======== Exercise data ========
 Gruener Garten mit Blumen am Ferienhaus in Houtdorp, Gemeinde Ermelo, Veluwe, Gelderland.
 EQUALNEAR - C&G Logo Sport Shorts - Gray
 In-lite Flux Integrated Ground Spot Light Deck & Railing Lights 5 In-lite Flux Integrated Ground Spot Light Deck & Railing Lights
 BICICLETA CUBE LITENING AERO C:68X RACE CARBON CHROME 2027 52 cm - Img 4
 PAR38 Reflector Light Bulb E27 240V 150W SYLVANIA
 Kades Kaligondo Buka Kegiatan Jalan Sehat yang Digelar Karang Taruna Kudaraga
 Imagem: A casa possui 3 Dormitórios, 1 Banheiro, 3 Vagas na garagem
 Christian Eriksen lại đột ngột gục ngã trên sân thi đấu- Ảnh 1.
========
(Instructions to follow): From the line containing "Kades Kaligondo Buka" through the last line of the entries above, print each line exactly as it stands.

(Answer to this problem):
 Kades Kaligondo Buka Kegiatan Jalan Sehat yang Digelar Karang Taruna Kudaraga
 Imagem: A casa possui 3 Dormitórios, 1 Banheiro, 3 Vagas na garagem
 Christian Eriksen lại đột ngột gục ngã trên sân thi đấu- Ảnh 1.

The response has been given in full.